The mental health sector is plagued with ineffective programs that should lose funding, according to a leading expert.
Ian Hickie, a commissioner on the National Mental Health Commission, said services suffered from poor co-ordination and did not address the needs of users and their families.
“Increased funding for expanded mental health services is crucial, but unless we overhaul the system and have the courage to defund ineffective programs, we will be throwing good money after bad,” he said.
Writing in the latest edition of the Sax Institute’s Public Health Research and Practice journal, Professor Hickie said there was a lack of oversight of mental health services.
“For too long we have been pumping scarce resources into a dysfunctional system riddled by silos and an absence of independent monitoring and evaluation of effectiveness,” he said.
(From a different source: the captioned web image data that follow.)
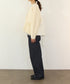 shaggy pocket milano rib jacket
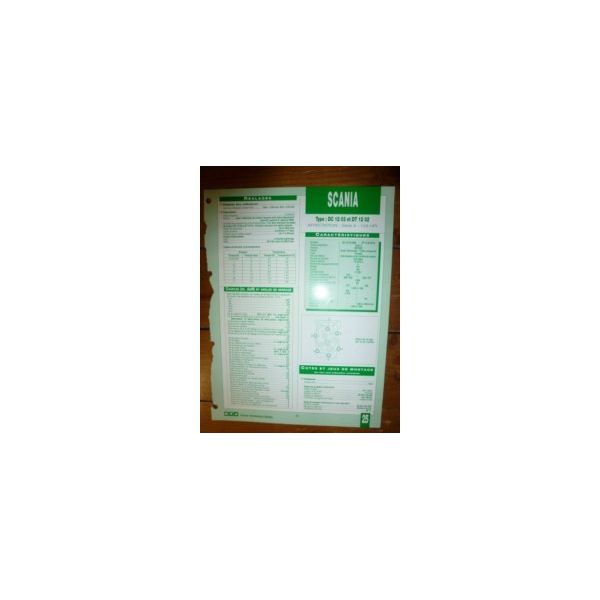 DC 12.03 - DC 12.02 Fiche Technique Scania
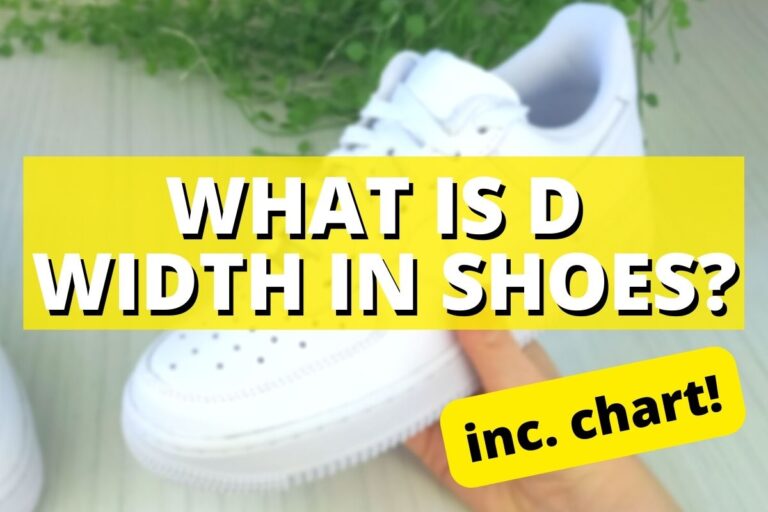 What is d width in women’s shoes: essential information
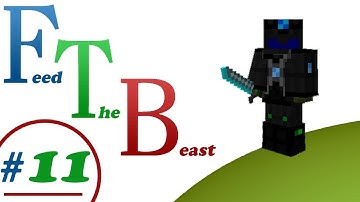 Episode 11. Mining Turtle Refuel and Setup. Feed The Beast.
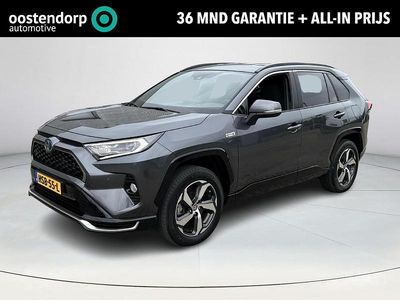 Grijs Occasion 2021 Toyota RAV4 SUV | € 37.900 (Eerlijke prijs)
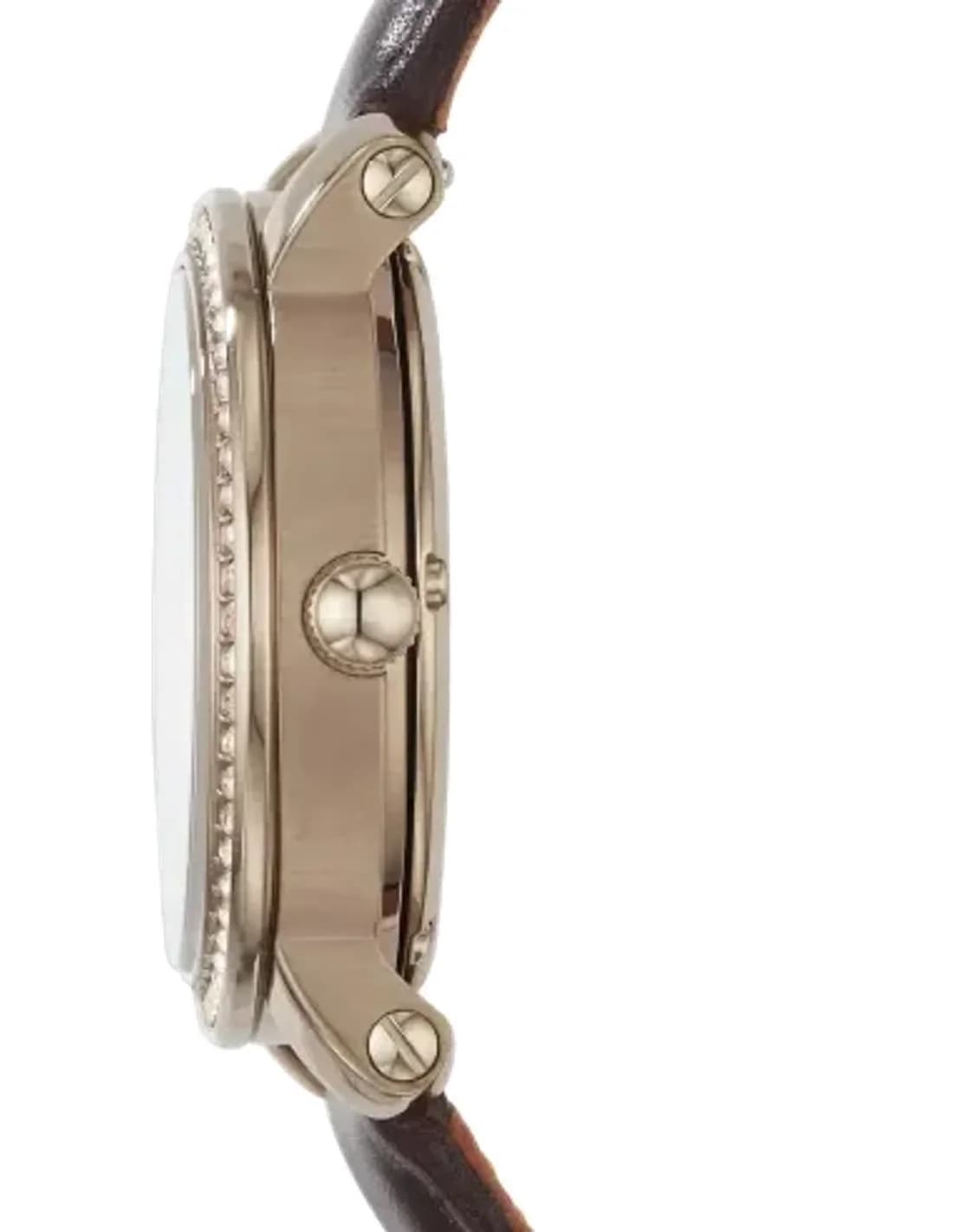 Montre Femme Fossil Virginia ME3088 Marron
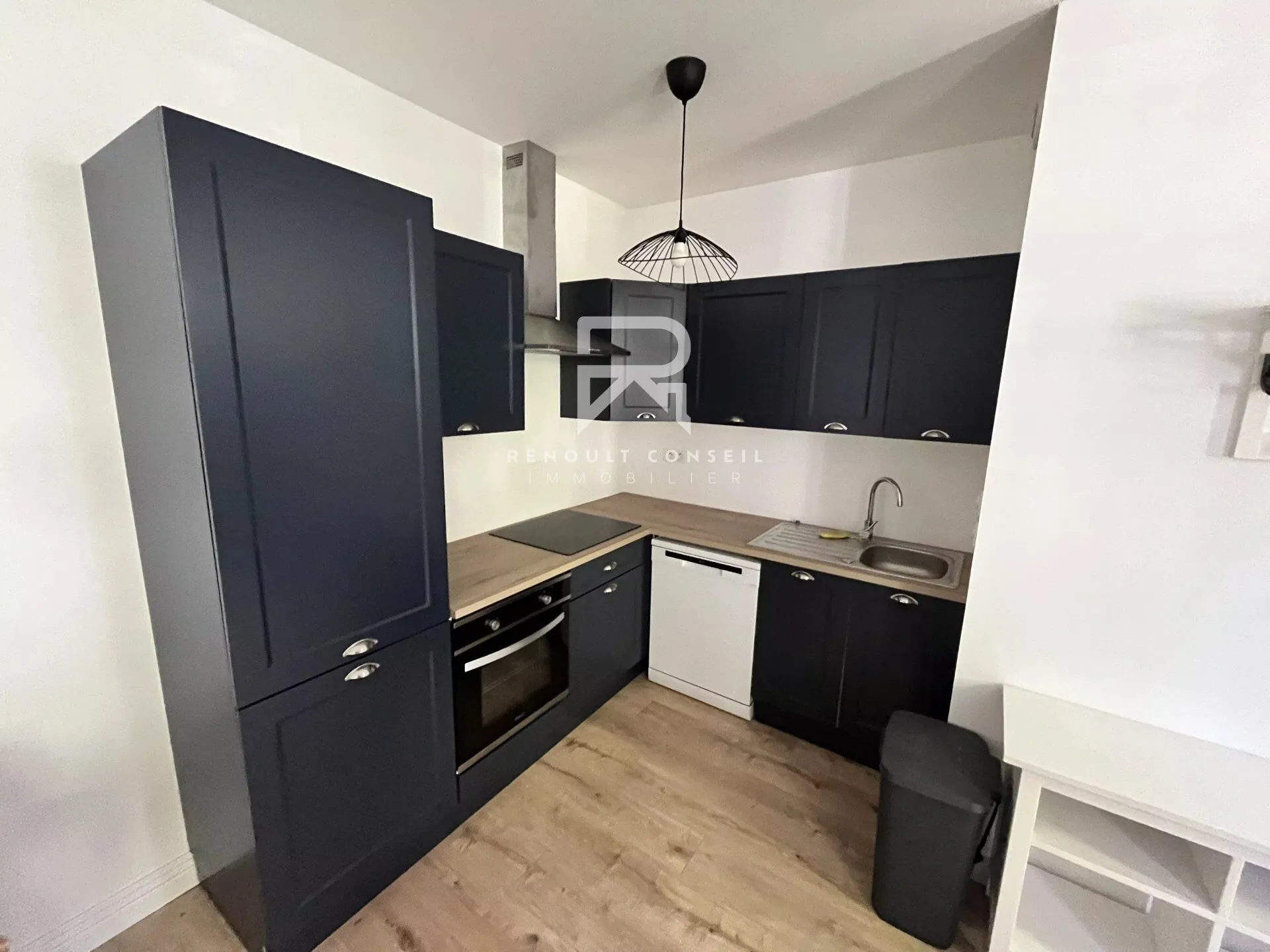 Appartement T3 meublé de 47 m² à Rouen, proche Saint Marc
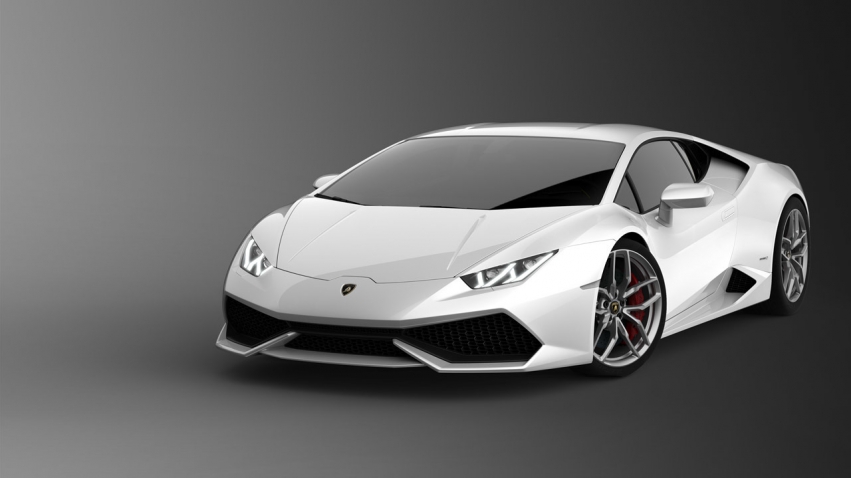 Авто обои Lamborghini Huracan LP 610-4 2015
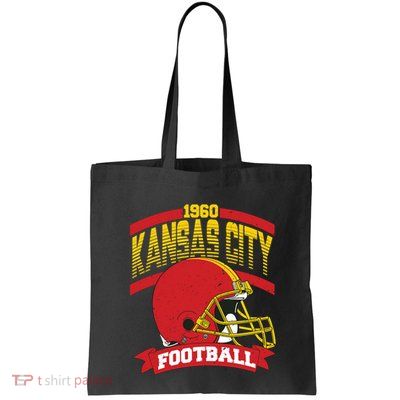 Kansas City Football Team Suppoter Bag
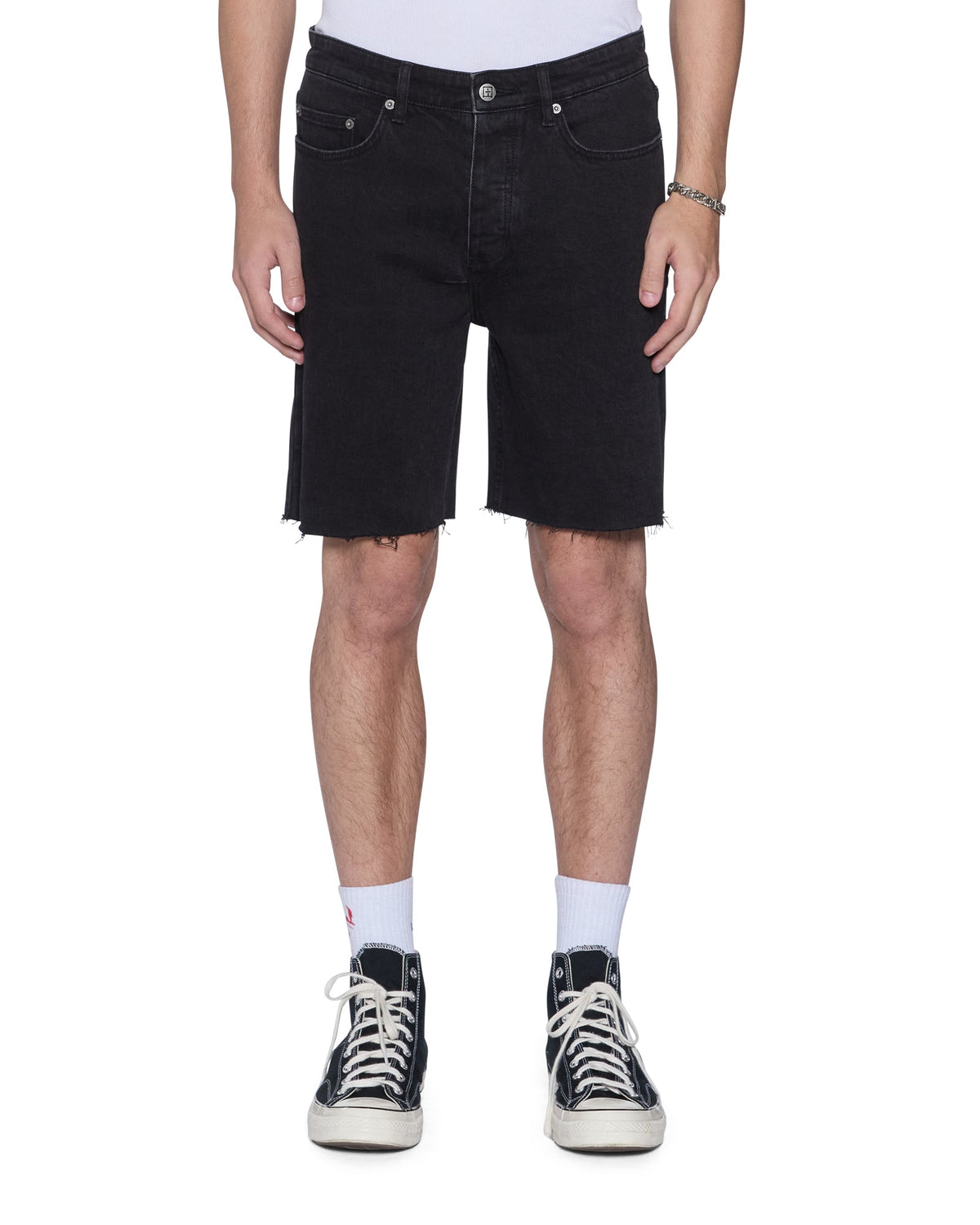 Mens Chopper Short Noir Walkshorts - Black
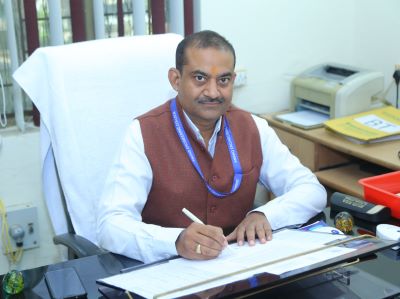 Dr. Ravindra Kumar Jain - Sharda University Agra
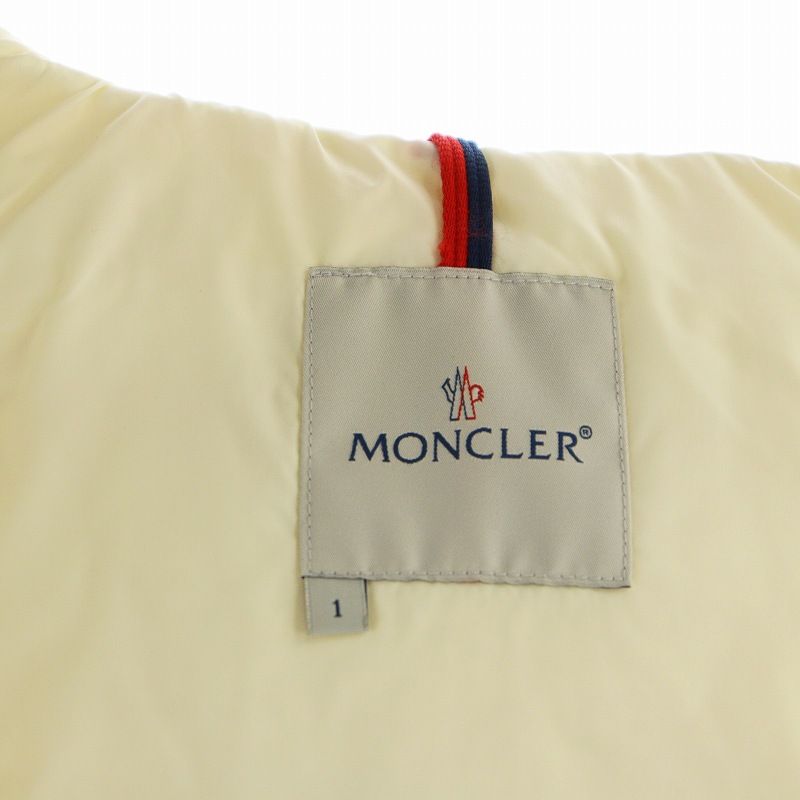 【MONCLER】Wourl ベスト テディ素材 ラグジュアリー ロゴ 楽天市場】極美品△MONCLER モンクレール 2021年製 VEST ロゴ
Professor Hickie, who is also co-director of health and policy at the University of Sydney’s Brain and Mind Centre, expressed frustration with suicide prevention programs that were divorced from clinical services “as if suicidal people don’t have mental health problems”.
He said there had been a proliferation of awareness campaigns for suicide prevention or mental health, with different “brands” competing for space in the media and public funding.
“Australia is the most mental health literate country on earth by miles,” he told Fairfax Media. “The problem is not awareness. The problem is not being able to get a service.”
In contrast, Professor Hickie said, “if you get run over in the street we’ve got an emergency system of care that doesn’t ask you how old you are or what other problems you have. It deals with the problem.”
Fellow NHMC commissioner Jackie Crowe said people with mental health difficulties have to “fit in” to a fragmented mental health system of care.
“This is at a time when a person is unwell, may have multiple health, psychological or social needs, or be contemplating suicide and while their families are desperately worried,” she said.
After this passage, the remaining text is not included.